Lieutenant Governor of Upper Canada
- In office 1806–1817
- Monarch: George III
- Governors General: (Lieutenant Governor of Lower Canada as Governor-in-Chief over the British North America) Thomas Dunn (administrator) Sir James Henry Craig Sir George Prevost _{Bt} Sir Gordon Drummond Sir John Coape Sherbrooke
- Preceded by: Peter Hunter
- Succeeded by: Sir Peregrine Maitland

Governor of Bermuda
- In office 1805–1806
- Monarch: George III
- Preceded by: George Beckwith Henry Tucker (acting)
- Succeeded by: Henry Tucker (acting) John Hodgson

Personal details
- Born: 1769 Blackheath, London, England
- Died: 3 November 1852 (aged 82–83) Brighton, England

= Francis Gore =

Canadian politician

Francis Gore (1769 - 3 November 1852) was an English military officer and British colonial administrator in Bermuda and Upper Canada.

Gore was born in Blackheath, London, England in 1769 the son of Francis Gore and Caroline Beresford. Francis Gore senior was also a soldier and colonial administrator. Gore Sr became a governor of the West Indies in 1763. He had served in the Portuguese campaign of 1761 as aide-de-camp to Queen Charlotte's brother.
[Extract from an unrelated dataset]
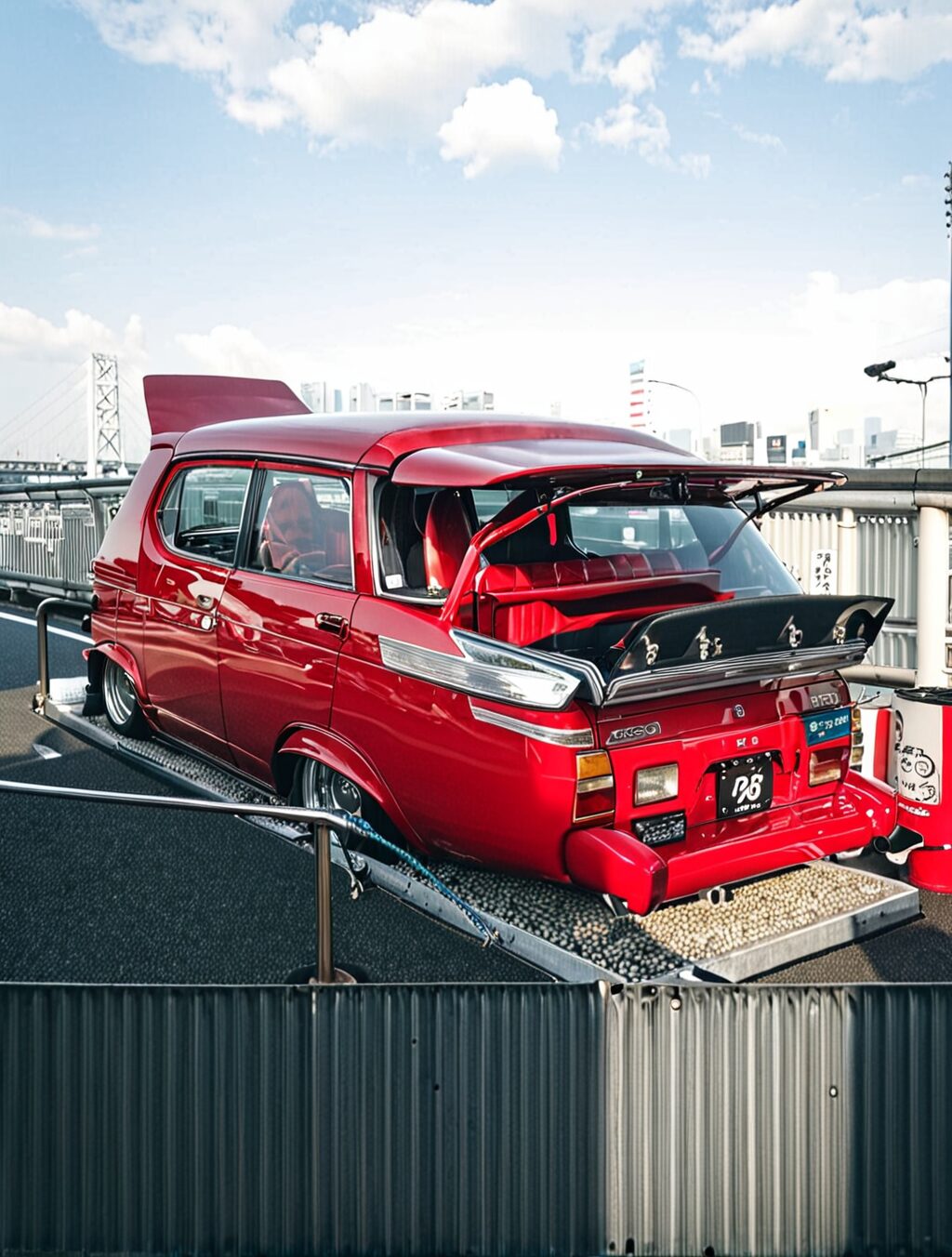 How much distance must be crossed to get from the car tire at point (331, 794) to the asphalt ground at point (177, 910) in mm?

Gore was commissioned as an ensign into the 44th Foot in 1787 directly from school at Durham, advancing in 1793 to lieutenant. Gore transferred to the 54th Foot in 1794 and the 17th Light Dragoons in 1795. He retired with the rank of major and became Governor of Bermuda from 1805 to 1806, and then Lieutenant-Governor of Upper Canada from 1806 to 1811. Gore's administration built roads, reorganised the militia and founded schools.

Gore was absent on leave during the War of 1812 while military authorities ran Upper Canada. His stand-in during this time was Isaac Brock, who "sought an active role in the impending war as keenly as Gore sought to escape it".

Gore resumed his role as lieutenant-governor from 1815 to 1817. During his second term, Gore prorogued the Legislative Assembly after it challenged his ban on issuing land grants to American refugees and made other criticisms of his administration. Robert MacIntosh, in his book Earliest Toronto, describes Gore as "a man who was clearly the most incompetent and disliked Lieutenant Governor in the history of Upper Canada". Gore returned to England in 1817 where he became a deputy teller of the Exchequer, a role he held until the offices of the tellers were abolished in 1834.

Gore married Annabella Wentworth, sister of Sir John Wentworth in 1803. They had no children.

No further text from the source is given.